Basically, imagine a Magic Mirror that turns on when you enter the room. Or one that could display a changing color bar that syncs with music. For my pentester friends, imagine smart drop boxes, ones that only scan for WiFi devices when there is a human in the room, or one that sleeps when the lights are off and only activates when someone turns the room lights on. All of this and more is/ should be possible with Grove sensors and an Arduino or Raspberry Pi board.

Alright, enough intro, let’s look at the Seeeduino XIAO!

The Hardware

The Seeeduino XIAO is Seeedstudio’s smallest Arduino board. It is about the size of a US Penny, and only about $5 – but it is a fully functional Arduino board. The tiny board comes with breadboard leads that you can solder to the board, if you wish. I haven’t soldered in a long time, so soldering the leads to the board was a little challenging at first, but then I found that just laying the tip on the middle top edge of every pin worked great!

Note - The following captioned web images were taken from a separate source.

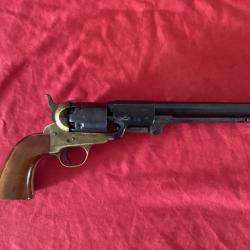 Revolver poudre noire UBERTI cal 36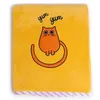 Milk&Moo Tombish Cat Babydecke, Baby Kuscheldecke für Produktbild-Vorschau 4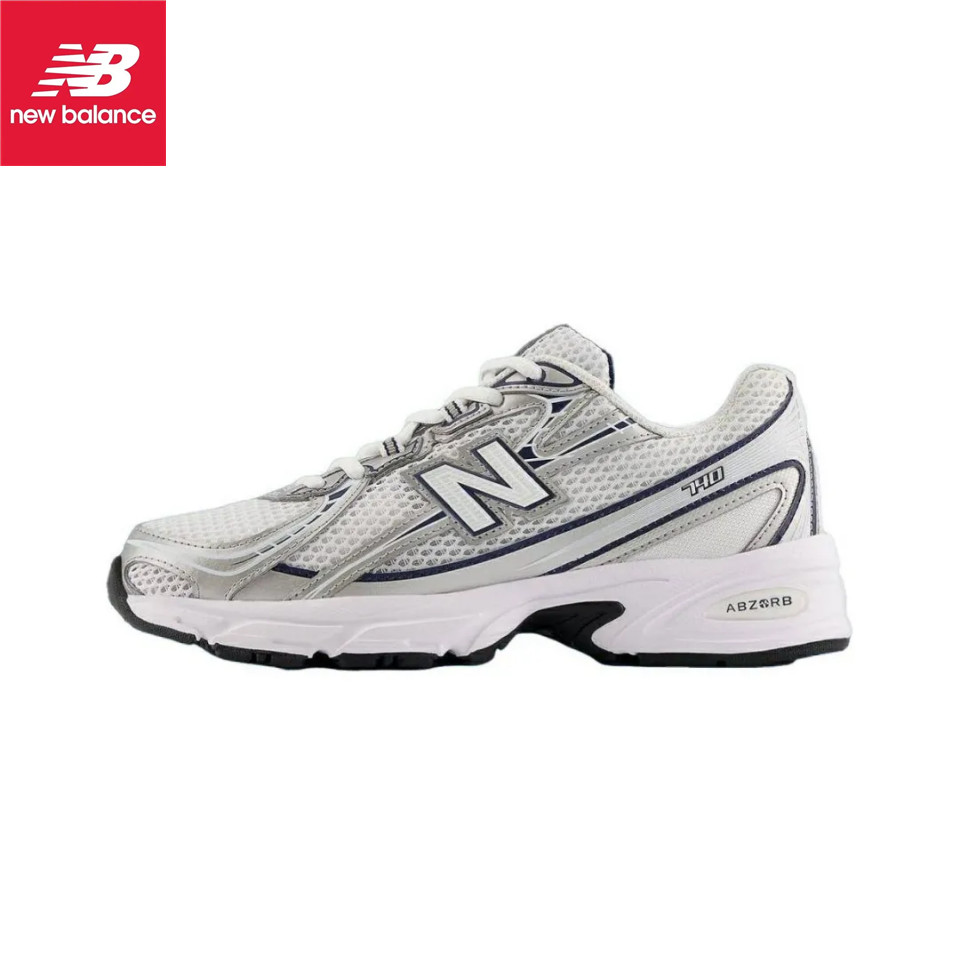 【ของแท้ 100%】New Balance NB 740 GR740WN นิวบาลานซ์ รองเท้าวิ่ง 真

You probably want your pins so they are longer on the bottom, so they will connect into the breadboard. For my future projects, I wanted the pins coming out the top of the board, so I can install it flush to the bottom of a case, so mine are “upside down”.

The Software

The Seeedstudio XIAO Wiki covers downloading the necessary drivers and setting up the Arduino environment, so I am not going to cover it.

Basically,

  • Download the Arduino IDE – https://www.arduino.cc/en/Main/Software
  • Start Arduino IDE, follow the instructions in the WIKI on installing the XIAO board and configuring the correct port for it (Getting Started section)
  • Load the “Blink” program in the examples, and compile and upload it, to make sure everything is setup properly

That’s it! Your XIAO is now ready for your projects!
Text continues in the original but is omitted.